Step 1: Understand the Business Case

The first questions I ask a business leader who wants to embark on a significant organizational design project are “What are we trying to solve?” and “Why now?”   I need to understand what the business case is for the change.  It is important that business leaders spend the time to assess their current state and determine what they want their future state to look like and why.  Some important questions to answer before diving deep into an organizational design project may include but are not limited to:

  1. How has our business strategy changed?
  2. Are we focused on the real growth opportunities in our business?  Can we re-purpose resources to new work?
  3. Should we consider customer/consumer segments, new product creation and emerging markets?
  4. What is the best way to align ourselves to serve and ideally influence our key customers?
  5. How can we go to market with a more integrated and compelling product and brand offering?
  6. How can we gain more cross-functional linkages to step up new-product development?
  7. How can we better manage our resources to ensure our people are in the right roles, doing the right things at the right time?
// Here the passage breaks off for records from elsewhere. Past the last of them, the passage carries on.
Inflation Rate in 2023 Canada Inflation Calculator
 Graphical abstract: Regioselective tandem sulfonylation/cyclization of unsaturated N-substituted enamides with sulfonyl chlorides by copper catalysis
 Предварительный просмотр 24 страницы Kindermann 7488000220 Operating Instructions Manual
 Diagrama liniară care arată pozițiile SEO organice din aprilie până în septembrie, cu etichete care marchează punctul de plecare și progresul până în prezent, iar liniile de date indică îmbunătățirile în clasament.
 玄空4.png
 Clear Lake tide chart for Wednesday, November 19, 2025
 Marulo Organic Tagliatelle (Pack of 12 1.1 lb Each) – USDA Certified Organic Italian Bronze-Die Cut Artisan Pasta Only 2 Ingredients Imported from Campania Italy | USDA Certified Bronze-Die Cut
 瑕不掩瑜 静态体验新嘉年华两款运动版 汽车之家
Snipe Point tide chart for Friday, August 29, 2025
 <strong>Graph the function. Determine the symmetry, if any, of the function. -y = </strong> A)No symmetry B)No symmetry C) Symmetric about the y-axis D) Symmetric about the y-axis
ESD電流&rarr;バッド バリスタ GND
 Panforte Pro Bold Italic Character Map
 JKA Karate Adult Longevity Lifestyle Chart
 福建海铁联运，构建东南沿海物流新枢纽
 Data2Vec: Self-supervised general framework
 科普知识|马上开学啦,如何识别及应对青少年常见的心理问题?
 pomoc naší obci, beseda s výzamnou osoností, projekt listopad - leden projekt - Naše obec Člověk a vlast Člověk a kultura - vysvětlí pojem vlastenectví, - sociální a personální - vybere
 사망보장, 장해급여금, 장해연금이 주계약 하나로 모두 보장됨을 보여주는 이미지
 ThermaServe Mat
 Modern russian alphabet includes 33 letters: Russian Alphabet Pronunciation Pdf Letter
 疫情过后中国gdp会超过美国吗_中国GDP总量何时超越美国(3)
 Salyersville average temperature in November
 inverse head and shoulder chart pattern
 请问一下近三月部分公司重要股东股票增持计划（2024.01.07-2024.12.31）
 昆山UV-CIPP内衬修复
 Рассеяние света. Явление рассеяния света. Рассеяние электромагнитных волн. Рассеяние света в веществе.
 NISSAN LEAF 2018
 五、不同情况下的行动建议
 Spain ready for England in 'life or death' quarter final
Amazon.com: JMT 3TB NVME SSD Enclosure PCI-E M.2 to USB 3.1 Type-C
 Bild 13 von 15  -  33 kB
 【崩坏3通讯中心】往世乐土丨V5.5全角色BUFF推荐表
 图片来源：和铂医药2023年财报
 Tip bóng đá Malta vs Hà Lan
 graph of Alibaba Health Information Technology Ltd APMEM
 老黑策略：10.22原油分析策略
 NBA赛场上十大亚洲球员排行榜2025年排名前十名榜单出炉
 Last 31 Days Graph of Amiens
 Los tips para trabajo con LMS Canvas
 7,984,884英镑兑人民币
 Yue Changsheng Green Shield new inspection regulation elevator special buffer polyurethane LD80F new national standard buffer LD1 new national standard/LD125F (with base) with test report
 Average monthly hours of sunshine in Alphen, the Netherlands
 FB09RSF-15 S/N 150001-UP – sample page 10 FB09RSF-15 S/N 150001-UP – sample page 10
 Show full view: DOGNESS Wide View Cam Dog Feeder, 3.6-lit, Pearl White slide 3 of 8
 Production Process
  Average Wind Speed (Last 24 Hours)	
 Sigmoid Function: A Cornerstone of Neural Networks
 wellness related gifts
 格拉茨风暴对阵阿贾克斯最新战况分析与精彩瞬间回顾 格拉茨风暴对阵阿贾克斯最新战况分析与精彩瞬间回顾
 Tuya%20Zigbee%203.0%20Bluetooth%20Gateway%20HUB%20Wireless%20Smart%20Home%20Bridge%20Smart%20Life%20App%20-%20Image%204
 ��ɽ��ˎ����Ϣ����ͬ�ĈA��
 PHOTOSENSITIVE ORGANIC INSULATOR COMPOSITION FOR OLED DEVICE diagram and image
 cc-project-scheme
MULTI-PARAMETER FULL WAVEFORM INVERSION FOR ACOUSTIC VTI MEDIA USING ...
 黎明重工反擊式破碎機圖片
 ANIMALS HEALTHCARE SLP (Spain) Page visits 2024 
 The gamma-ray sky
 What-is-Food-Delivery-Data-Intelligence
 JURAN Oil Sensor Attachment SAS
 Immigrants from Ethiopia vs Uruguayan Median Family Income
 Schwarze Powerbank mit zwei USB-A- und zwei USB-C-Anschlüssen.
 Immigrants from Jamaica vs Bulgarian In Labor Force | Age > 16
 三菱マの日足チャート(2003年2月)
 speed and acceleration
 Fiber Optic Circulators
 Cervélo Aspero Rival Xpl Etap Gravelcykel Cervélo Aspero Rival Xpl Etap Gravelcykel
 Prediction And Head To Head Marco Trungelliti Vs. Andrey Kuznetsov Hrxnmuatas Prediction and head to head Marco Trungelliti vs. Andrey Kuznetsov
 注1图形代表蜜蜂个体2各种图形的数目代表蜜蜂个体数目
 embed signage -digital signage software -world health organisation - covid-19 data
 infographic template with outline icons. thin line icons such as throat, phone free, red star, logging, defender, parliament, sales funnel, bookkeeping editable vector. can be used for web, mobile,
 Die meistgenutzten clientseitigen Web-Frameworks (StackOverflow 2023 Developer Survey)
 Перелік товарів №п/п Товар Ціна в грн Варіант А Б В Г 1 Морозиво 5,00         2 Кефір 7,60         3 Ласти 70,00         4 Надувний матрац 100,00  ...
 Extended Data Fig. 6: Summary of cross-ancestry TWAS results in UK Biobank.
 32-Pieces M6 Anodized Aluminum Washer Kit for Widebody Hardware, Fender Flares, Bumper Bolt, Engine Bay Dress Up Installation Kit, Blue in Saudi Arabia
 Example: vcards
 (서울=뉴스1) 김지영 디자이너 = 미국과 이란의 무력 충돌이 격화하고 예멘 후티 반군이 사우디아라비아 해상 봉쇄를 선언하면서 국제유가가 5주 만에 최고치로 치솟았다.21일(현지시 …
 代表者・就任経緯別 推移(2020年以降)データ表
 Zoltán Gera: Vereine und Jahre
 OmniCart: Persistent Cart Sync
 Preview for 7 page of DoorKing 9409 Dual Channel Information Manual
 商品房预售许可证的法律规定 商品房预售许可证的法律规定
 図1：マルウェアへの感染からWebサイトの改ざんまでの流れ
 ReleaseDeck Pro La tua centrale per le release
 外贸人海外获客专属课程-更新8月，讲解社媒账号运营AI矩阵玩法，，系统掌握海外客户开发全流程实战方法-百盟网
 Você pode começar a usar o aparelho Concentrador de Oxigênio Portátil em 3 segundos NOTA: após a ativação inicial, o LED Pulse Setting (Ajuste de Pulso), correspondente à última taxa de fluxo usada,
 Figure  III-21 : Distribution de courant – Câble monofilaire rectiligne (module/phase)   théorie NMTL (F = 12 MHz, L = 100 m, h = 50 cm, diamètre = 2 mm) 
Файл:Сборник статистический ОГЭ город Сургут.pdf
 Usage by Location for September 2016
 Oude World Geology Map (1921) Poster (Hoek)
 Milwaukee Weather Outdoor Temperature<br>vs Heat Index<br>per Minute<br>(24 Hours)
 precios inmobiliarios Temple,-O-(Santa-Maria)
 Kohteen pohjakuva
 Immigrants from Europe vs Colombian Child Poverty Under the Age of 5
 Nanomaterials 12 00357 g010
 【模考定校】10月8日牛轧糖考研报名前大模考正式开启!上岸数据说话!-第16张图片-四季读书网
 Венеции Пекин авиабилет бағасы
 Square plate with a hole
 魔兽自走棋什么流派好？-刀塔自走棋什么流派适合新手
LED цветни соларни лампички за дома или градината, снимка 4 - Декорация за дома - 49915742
I’ve found after asking these questions that there are usually four common reasons that drive the need for organizational change:

  1. A Change in Strategy: such as a decision to enter emerging markets, or significant acquisition or merger.
  2. Performance Failures: such as internal departments competing with each other instead of collaborating to satisfy customer needs.
  3. Change in External Environment: for example, customers insist we go to market differently – solutions vs. products, or competitors have “changed the game”.
  4. Structural Limitations On Growth:  such as the current structure not being scalable for the pace of growth, or having the wrong people at the table to generate the right strategy.

To build a compelling case for change it is imperative to complete a current state assessment. The assessment should include financial data and customer feedback, as well as interviews and focus groups with leaders and employees in the organization.  When data has been gathered, an analysis on the issues and opportunities can be completed which provides the baseline for establishing design criteria.

Step 2: Establish Design Criteria

The next step is to establish the design criteria.  If you are going to embark on an organization design project, it is important to ensure the biggest bang for your buck from the organizational change.  Try to go beyond today’s problems and think about the capabilities the organization will need in one to three years’ time.  What will differentiate you from your competitors?  These capabilities become the “design criteria” which will drive a positive focus and motivate the team to think more creatively than what a problem-solving approach allows.

Correct design criteria determine what basic units of the organization will be most effective and what business processes, cross-functional teams and forms of power allocation will be required.  Correct design criteria will also provide a means for measuring the results of the new design.  Getting the design criteria right up front will help us to deliver better results throughout the entire design and implementation process.  It is the role of the HR professionals on the team during this time to challenge the leadership team to make the best decisions regarding trade-offs to create a clear, concise set of design criteria.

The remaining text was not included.